Whilst the requirement for a statement does not imply that the supporting data etc must always be Open Access, researchers must be clear about what supporting information can be made available, and how this can be accessed. Researchers will also need to be equally clear about what it is not possible to make available including the reasons why. For example, it is often not possible to make data relating to human subjects openly available because of issues relating to consent and confidentiality.
Implementing this requirement will be the responsibility of both researchers and their host institutions. Researchers will need to think about openness as they plan and undertake research. Institutions will need to develop an open data culture, and the necessary infrastructure and skills to support this.
Institutional and subject repositories are expected to form a key element of that infrastructure by providing a secure, and accessible, home for the data, models and other information underlying a research paper. They will not be suitable for all material, for example physical samples, however, they can provide a primary repository for a lot of the material, and by holding copies of the associated papers, provide the linkages between the paper and the underlying materials. This is also one of the recommendations of the Finch report Accessibility, sustainability, excellence: how to expand access to research publications. By doing so, institutional and subject repositories, containing ‘green’ and ‘gold’ materials can be an essential facilitator of text and data mining. By supporting both gold and green open access, the Research Councils ensure further opportunities for repositories to develop this role.
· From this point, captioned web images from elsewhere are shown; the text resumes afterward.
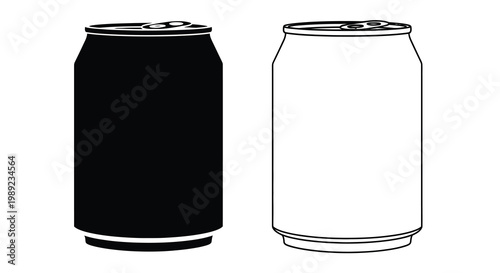 Two soda cans in contrasting tones a striking silhouette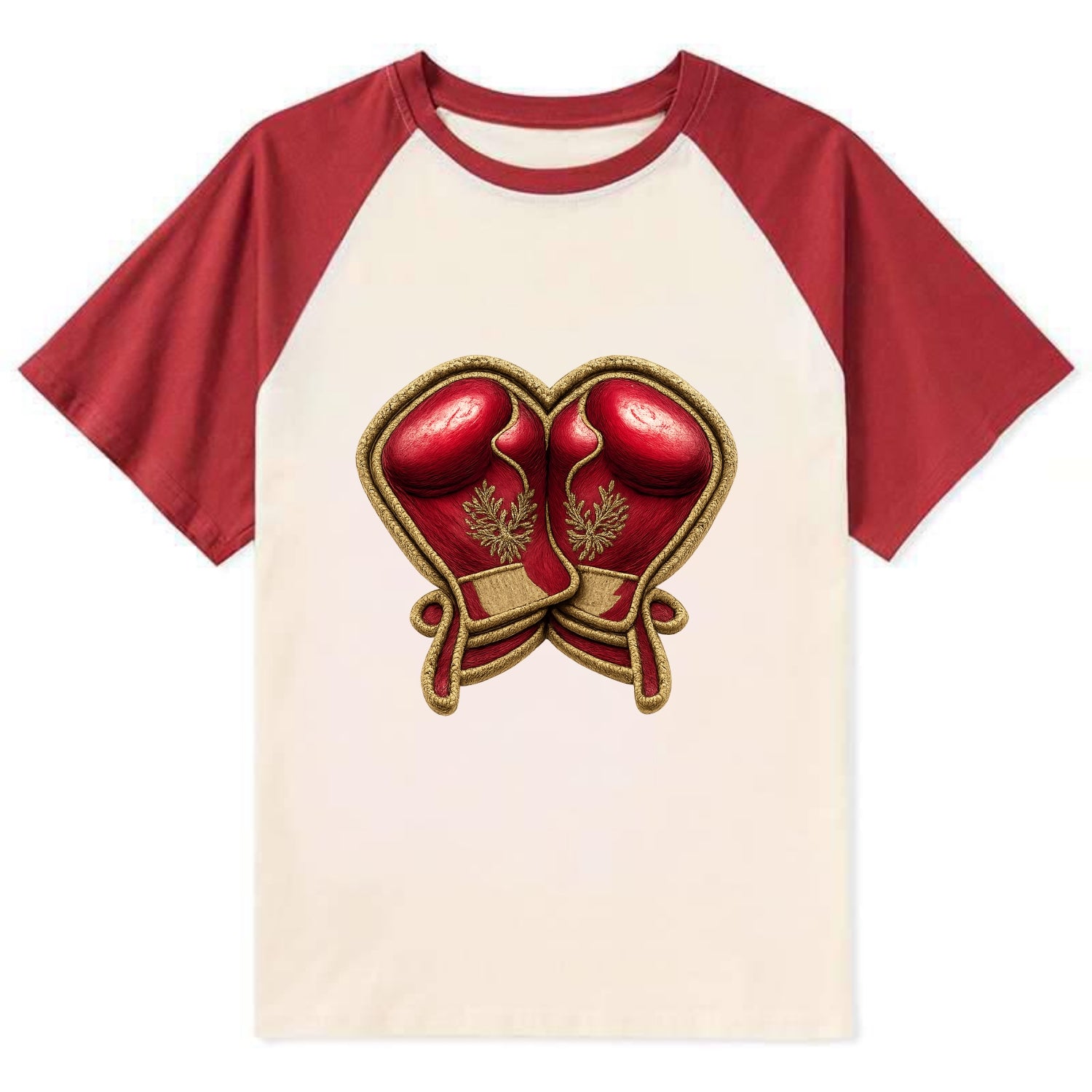 Embroidered patch design - BOXING GLOVES - red boxing gloves crossed in - Contrast Raglan T-shirt - Red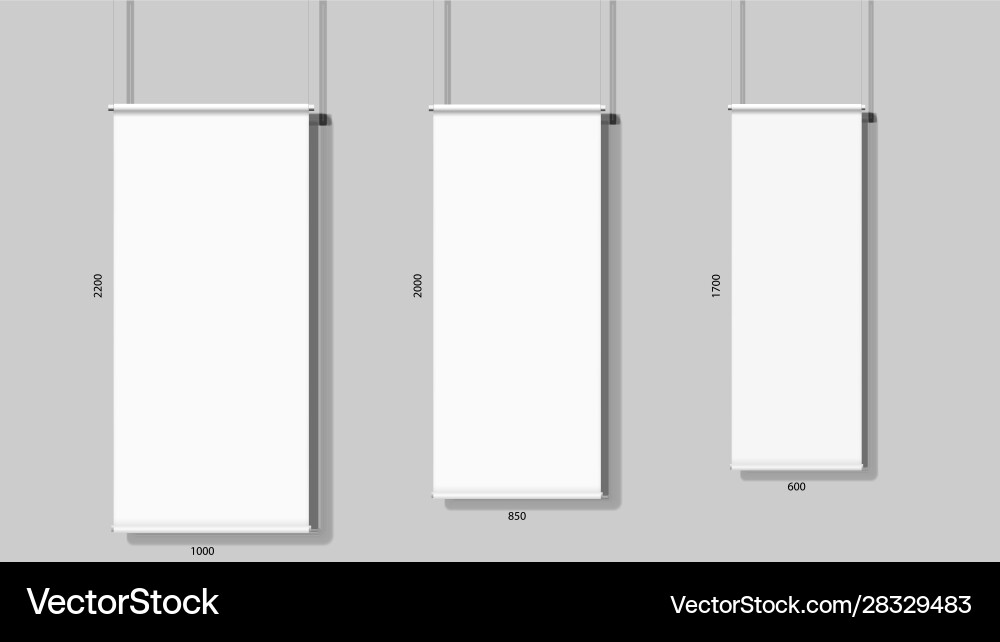 Roll up banner isolated vertical empty display Roll up banner isolated vertical empty display vector image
Launching the new policy is not an end to the work that the Research Councils have been engaged in since launching their first joint statement on open access in 2005. We are, in conversation with researchers and institutions, in the process of developing the operational details of the policy and will share the details as quickly as they become available. This is a fast moving area of research policy which, as major funders of research in the UK, we have a duty to ensure provides the best possible opportunity to the UK research base.